■ **WORK TASK**
The required answer is an exact copy of every line from the beginning of the entries through the line with "Orkney Airports Upgrade", with all pictures omitted.

■ **EXERCISE MATERIALS**

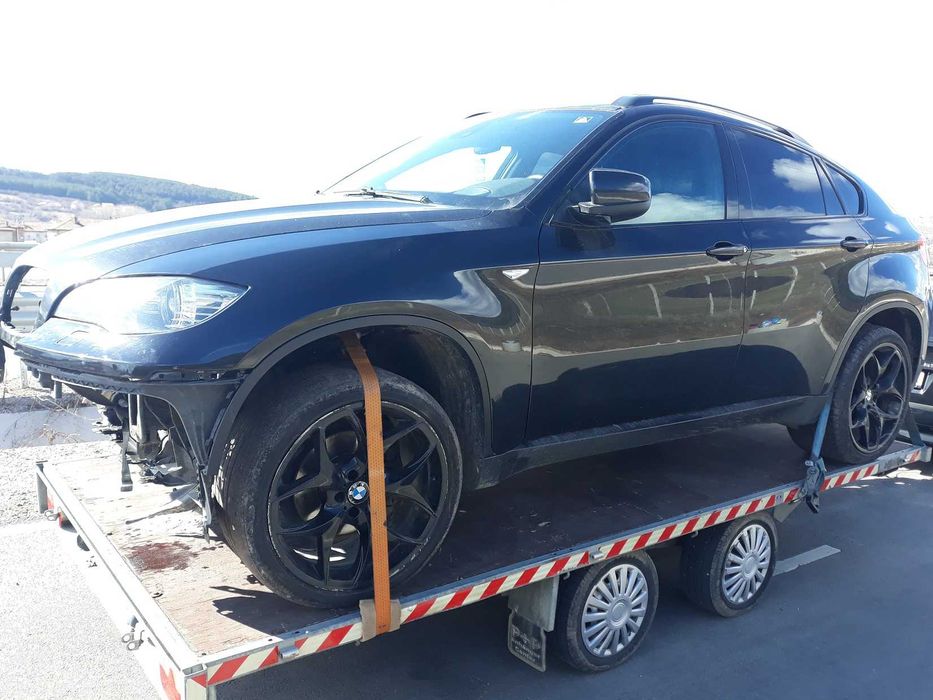 Огледала с камери и ел. прибиране от BMW X6 E71 2012г.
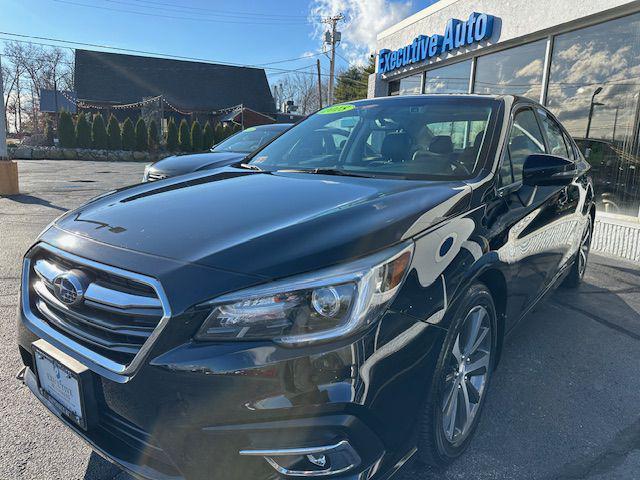 used 2018 Subaru Legacy car, priced at $16,999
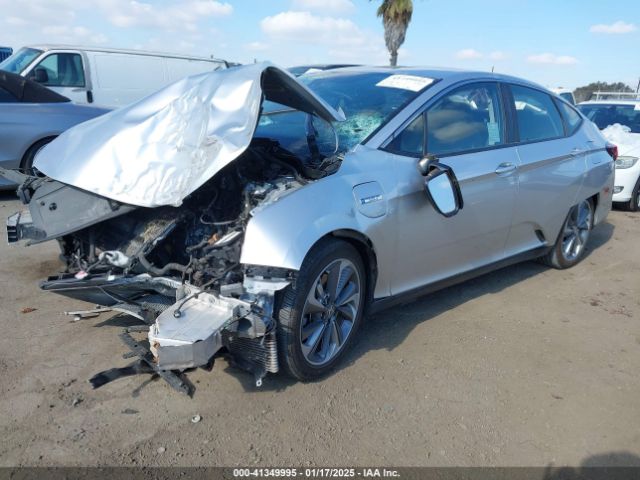 JHMZC5F33KC003701 Honda Clarity Plug-in Hybrid Touring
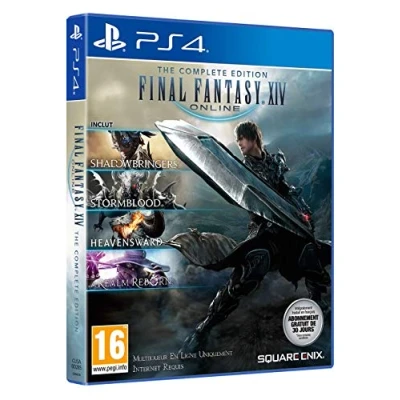 Imagen de Final Fantasy XIV : Shadowbringers Complete Edition [Importación francesa]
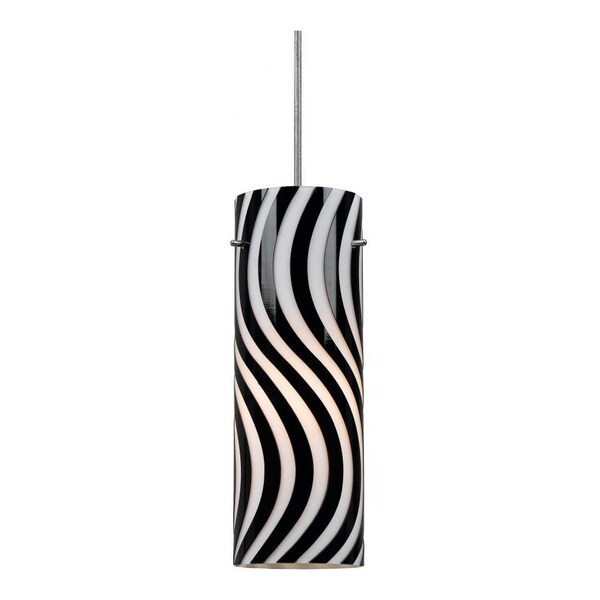 Cal Lighting Down Mini Pendant PN-1033/8-RU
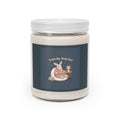Bunny Scented Candle – Dream Big Study Hard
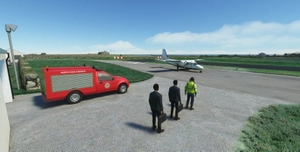 Orkney Airports Upgrade - Eday, Sanday, Stronsay, North Ronaldsay, Flotta, Lamb Holm thumbnail 2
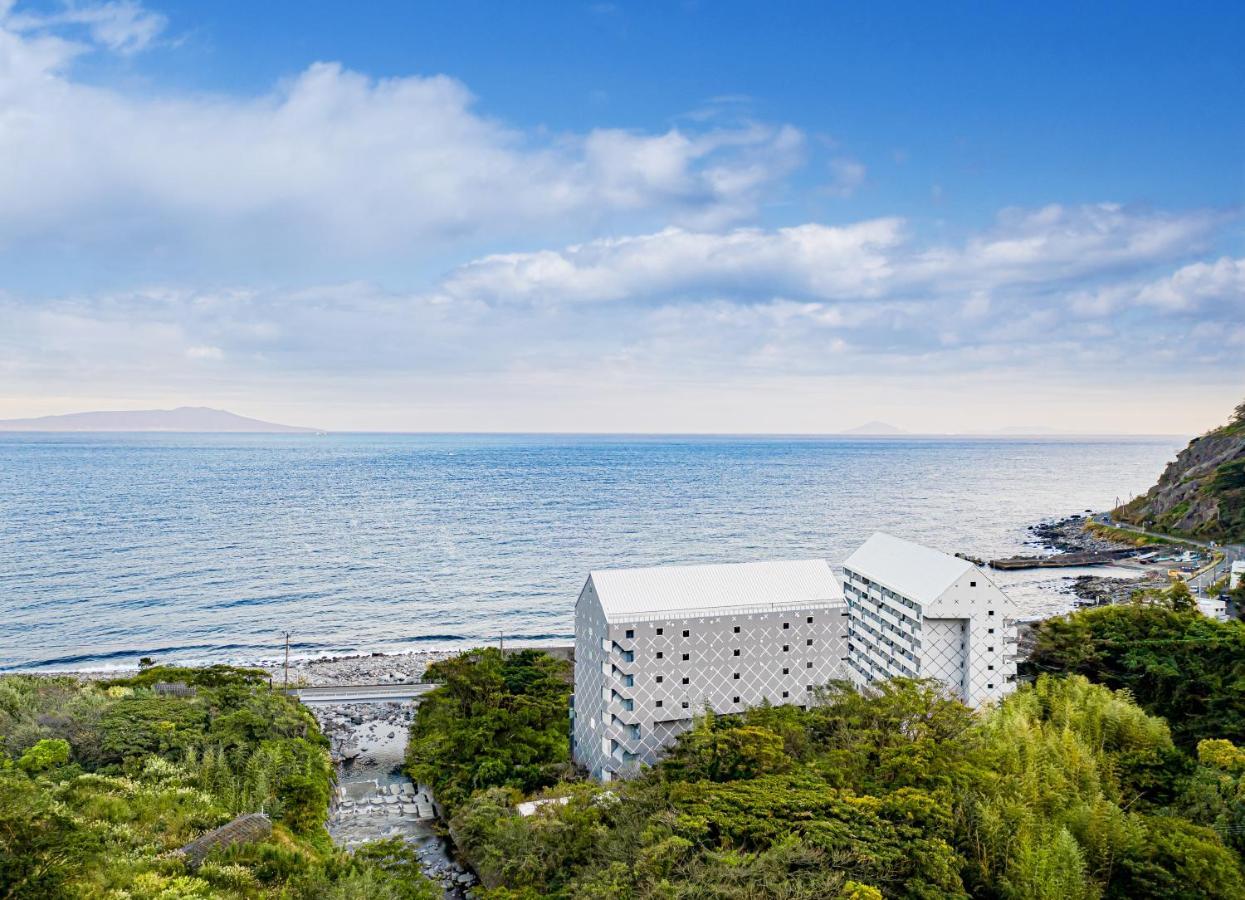 The Gran Resort Elegante Izu Хигасиидзу Экстерьер фото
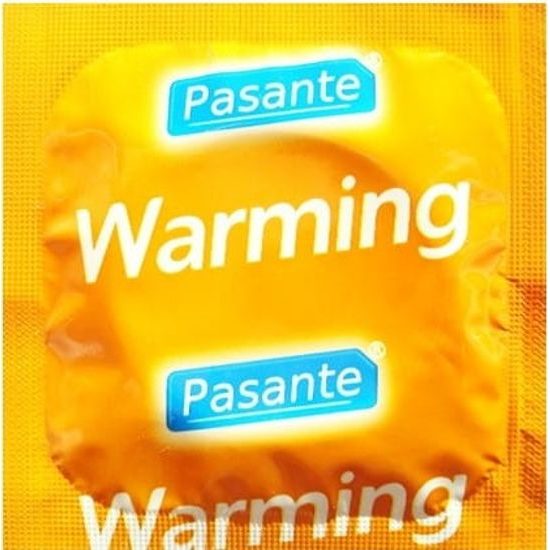 Pasante Warming 144ks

■ **EXERCISE OUTPUT**
 Огледала с камери и ел. прибиране от BMW X6 E71 2012г.
 used 2018 Subaru Legacy car, priced at $16,999
 JHMZC5F33KC003701 Honda Clarity Plug-in Hybrid Touring
 Imagen de Final Fantasy XIV : Shadowbringers Complete Edition [Importación francesa]
 Cal Lighting Down Mini Pendant PN-1033/8-RU
Bunny Scented Candle – Dream Big Study Hard
 Orkney Airports Upgrade - Eday, Sanday, Stronsay, North Ronaldsay, Flotta, Lamb Holm thumbnail 2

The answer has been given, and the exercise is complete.